4  See Quality Health Services of P.R., Inc., 358 NLRB No. 70 (June 25, 2012) (compelled minimum wage raise lawful, but related, discretionary changes to incentive pay unlawful); Industria Lechera De Puerto Rico, Inc., 344 NLRB 1075 (2005) (employer duty to accommodate an employee under Americans with Disabilities Act did not excuse its failure to bargain over the particular accommodation); Keystone Steel & Wire Div. of Keystone Consolidated Industries, Inc., 309 NLRB 294 (1992), reversed on other grounds, 41 F.3d 746 (D.C. Cir. 1994) (even if ERISA compelled plan changes, it did not compel the specific changes made without bargaining).

5  See FirstEnergy Generation Corp., 358 NLRB No. 96 (August 6, 2012) (ordering rescission of retiree health benefit changes, restoration of losses and bargaining). 

6  Paul Newman fans may recall the line from the film, “Absence of Malice,” in which a news story is described as “accurate, but not true.”  That may be the best way to understand the promise, embodied in ACA § 1251, that “if you like your insurance, you can keep it.”  Opponents argued that the Affordable Care Act would compel employers to drop or alter insurance offered to employees, thereby depriving the employees of the opportunity to keep the coverage that they liked.  In a white paper published in early 2012, Truven Health Analytics forecast that over 70% of employers could be subject to the 40%, nondeductible, “Cadillac” plan excise tax in 2018 if they do not act to reduce plan payouts.  See R. Fabius, L. MacCracken and J. Pritts, “Vocabulary of Healthcare Reform,” at 13, Fig. 13 (January 2012), available at www.truvenhealth.com.

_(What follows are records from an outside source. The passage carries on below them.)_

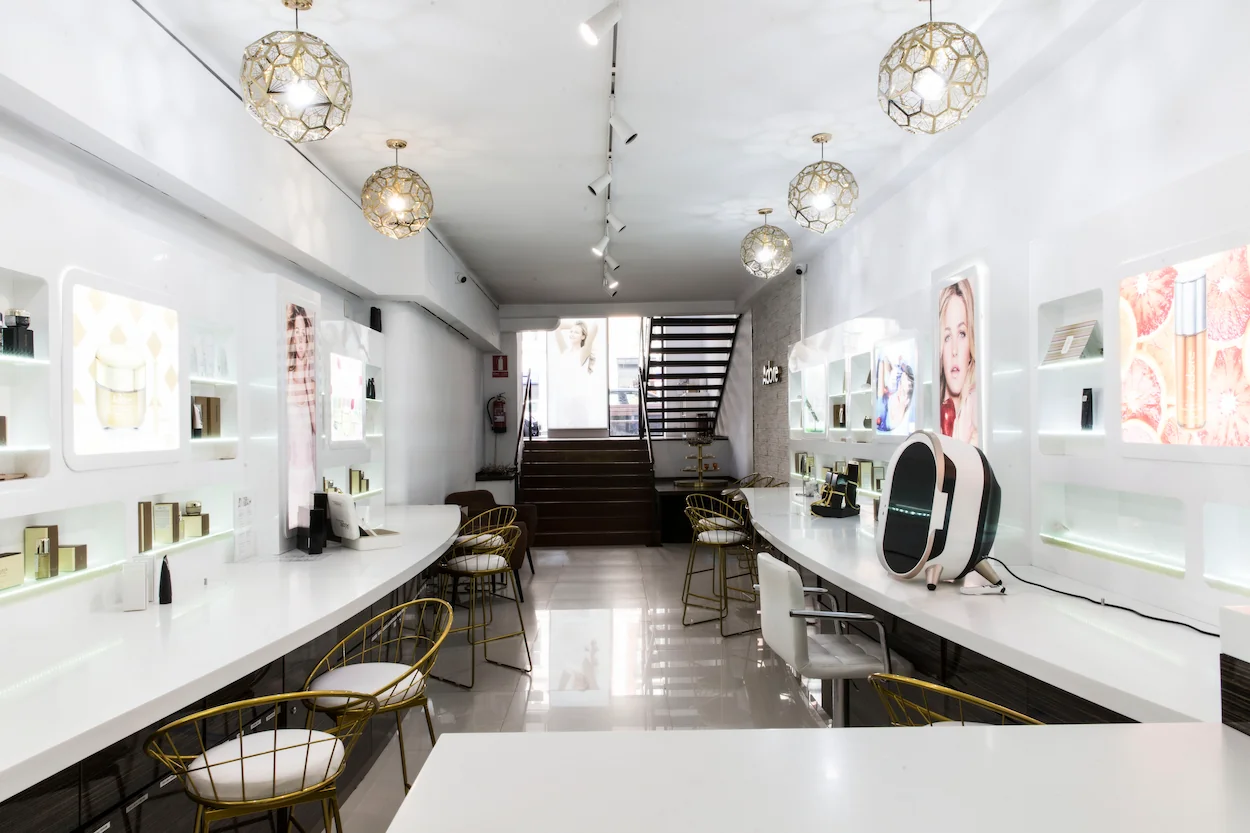 Instalaciones de Wild Magic Cosmetics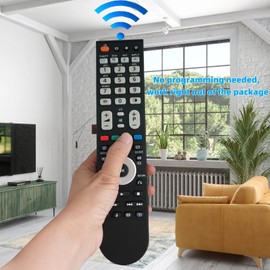 Replacement Remote Control for Hitachi CLU-4371UG2 P42H401 P42H4011A P50H4011A P42H401A P42H401P P42T501 LCD LED HDTV TV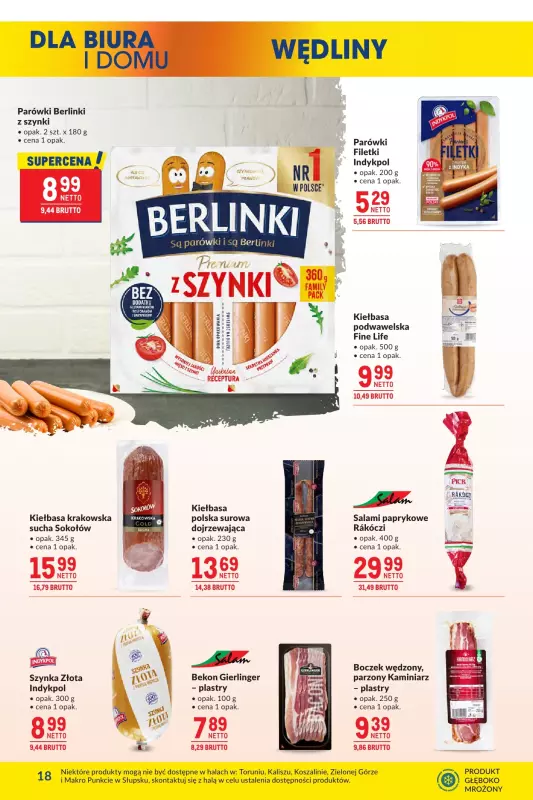 Makro - gazetka promocyjna Oferta dla biura i domu od wtorku 16.09 do poniedziałku 13.10 - strona 16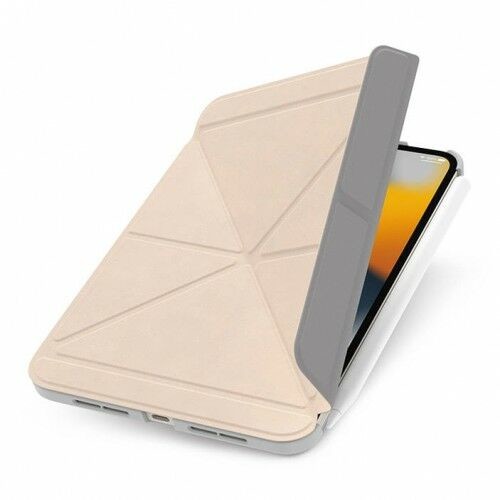 Moshi Etui Versacover Origami iPad mini 6 (2021), beżowe 4711064645170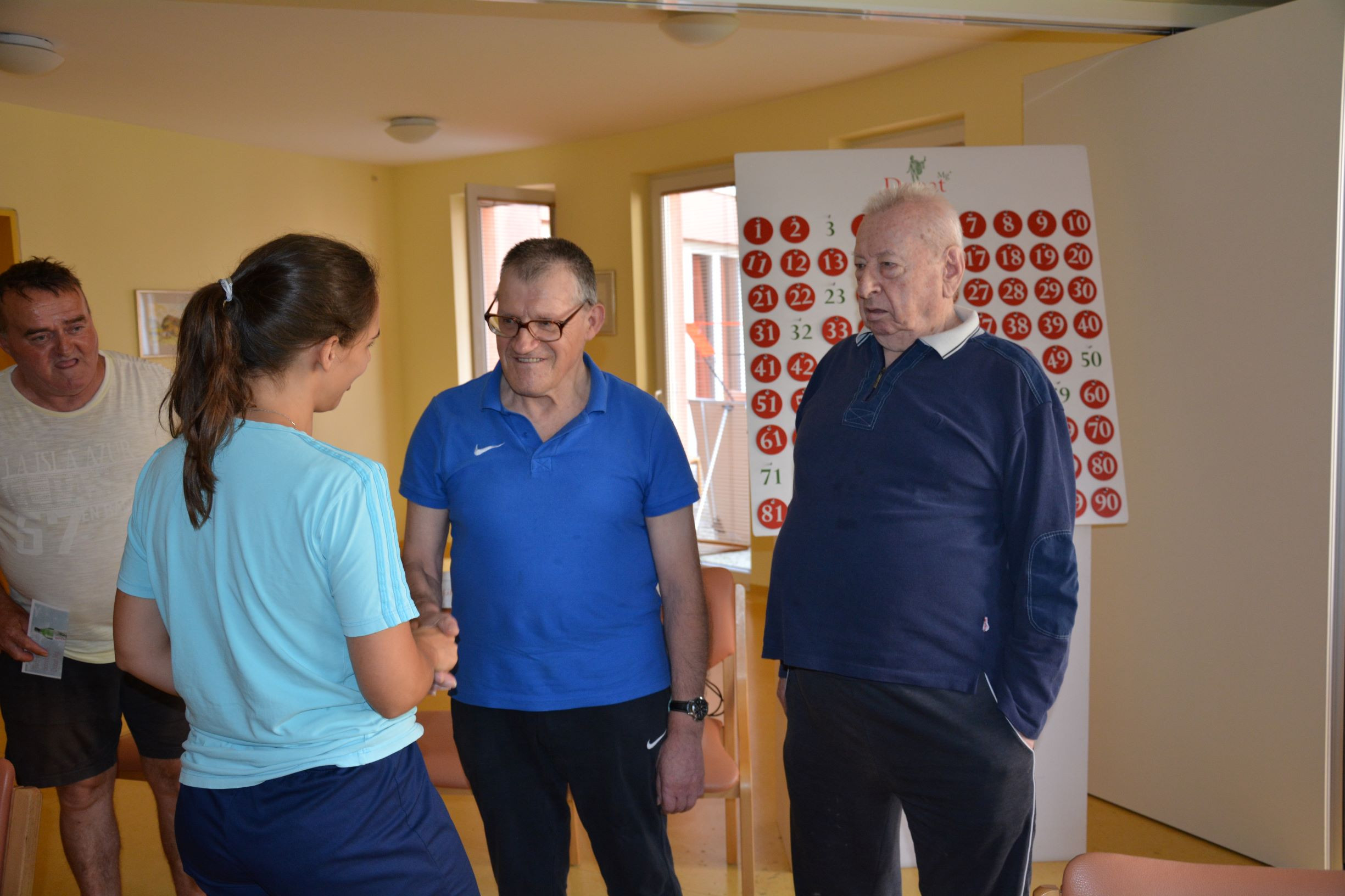 Moške zmage na tomboli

7  Unions are so accustomed to having their way in this process that they sometimes overplay their hands, as did Teamsters Local 104 in Redburn Tire Company, 358 NLRB No. 109 (August 31, 2012).  When health insurance negotiations broke down, the employer declared an impasse, implemented its final offer and replaced union strikers.  Evaluating bad faith bargaining charges, the NLRB found those actions lawful, since the Teamsters had refused to make a counter-offer and had instead demanded that the employer bid against itself until the Teamsters heard something that they liked.

8  There is a bit of good news here.  The ACA gives a few breaks to plans that cover union-represented employees.  For example, if your employees have health coverage under a collective bargaining agreement that was negotiated and ratified before March 23, 2010, then you may have an extended period to make the decision to remain “grandfathered,” in order to avoid some new ACA coverage requirements – e.g., guaranteed renewal under Public Health Service Act § 2703 - or to make cost-shifting, coverage-reduction or other changes that will reduce payouts but forfeit your grandfathered status.  See 42 U.S.C. § 18011(d); 45 C.F.R. § 147.140 (f).